__DATA RECORDS__
/---
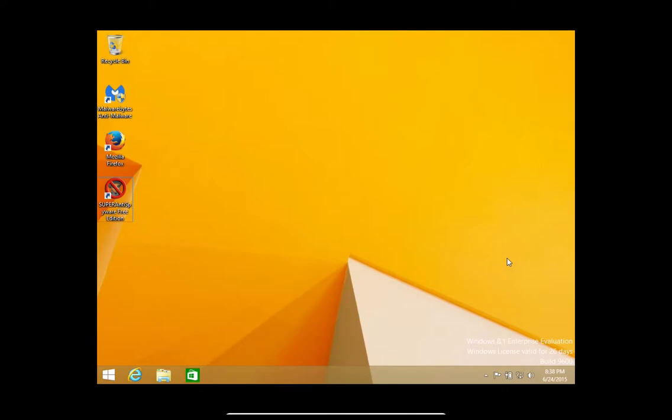Today I'm going to show you two different ways on how to get your Windows 8 computer into safe mode with networking. So we're going to go ahead and do the first method right now.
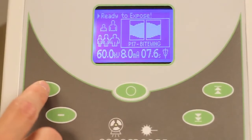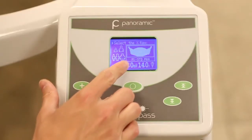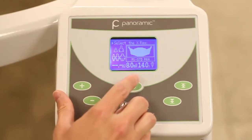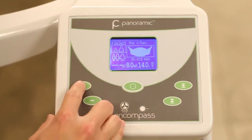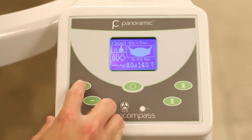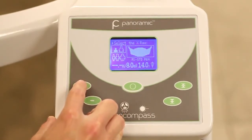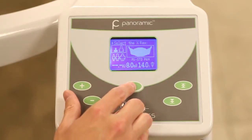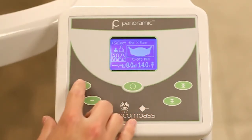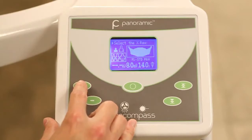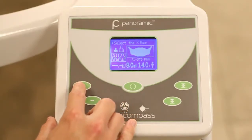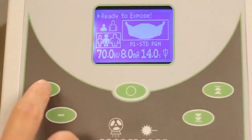Once the profile is chosen, press the select button to advance to the patient options: child or adult. Press the plus or minus button to highlight child or adult, then press the select button so the size of the patient can be determined. The highlighted box will now move to select the size of patient — small, medium, or large.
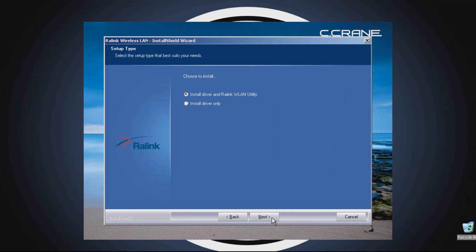It will now give you the choice of installing the entire software package or just the drivers. To use the antenna to its fullest potential, choose the first item. To use Windows' built-in wireless internet interface, choose Install Driver Only.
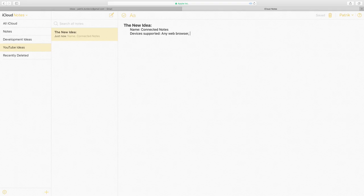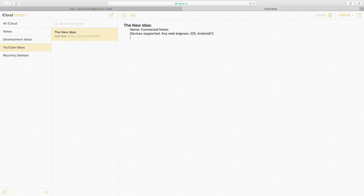The new one is going to be a notes app. It's going to combine the web and iOS, so basically you're going to register on the web and then you're going to be able to edit the notes on your iOS device.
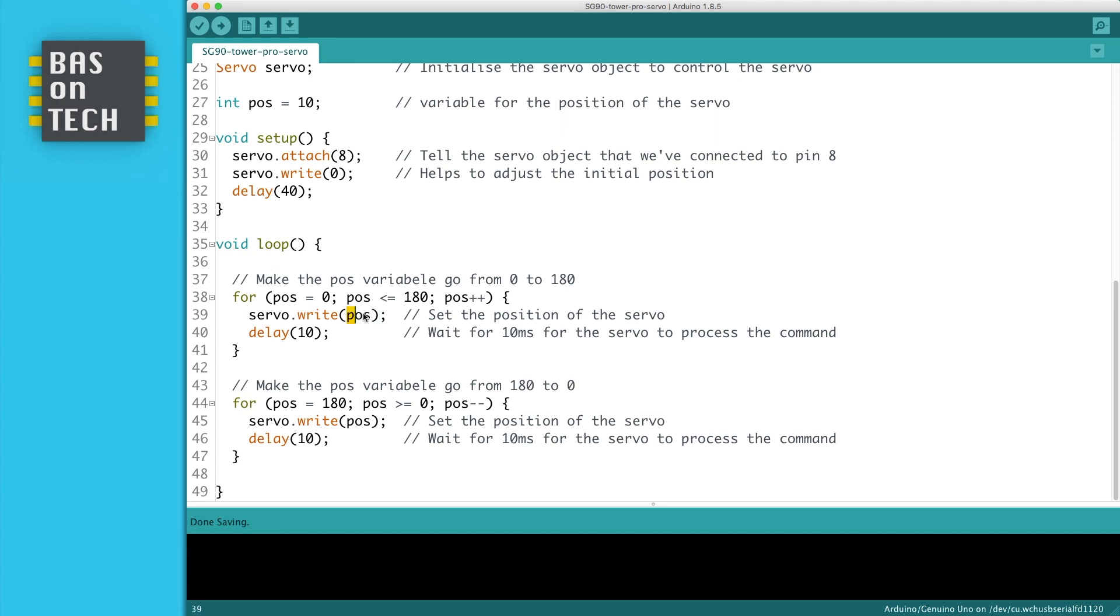We write the position of the for loop, so here the position of the variable, the value we write it to the servo, so it will move, and we give it 10 milliseconds to process the command and move over to that position.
\---
__PROBLEM STATEMENT__
Return exactly the stretch above whose first line contains "Once the profile" and whose last line contains "It will now", and nothing outside it. The pictures should not appear.

__TASK SOLUTION__
Once the profile is chosen, press the select button to advance to the patient options: child or adult. Press the plus or minus button to highlight child or adult, then press the select button so the size of the patient can be determined. The highlighted box will now move to select the size of patient — small, medium, or large.
It will now give you the choice of installing the entire software package or just the drivers. To use the antenna to its fullest potential, choose the first item. To use Windows' built-in wireless internet interface, choose Install Driver Only.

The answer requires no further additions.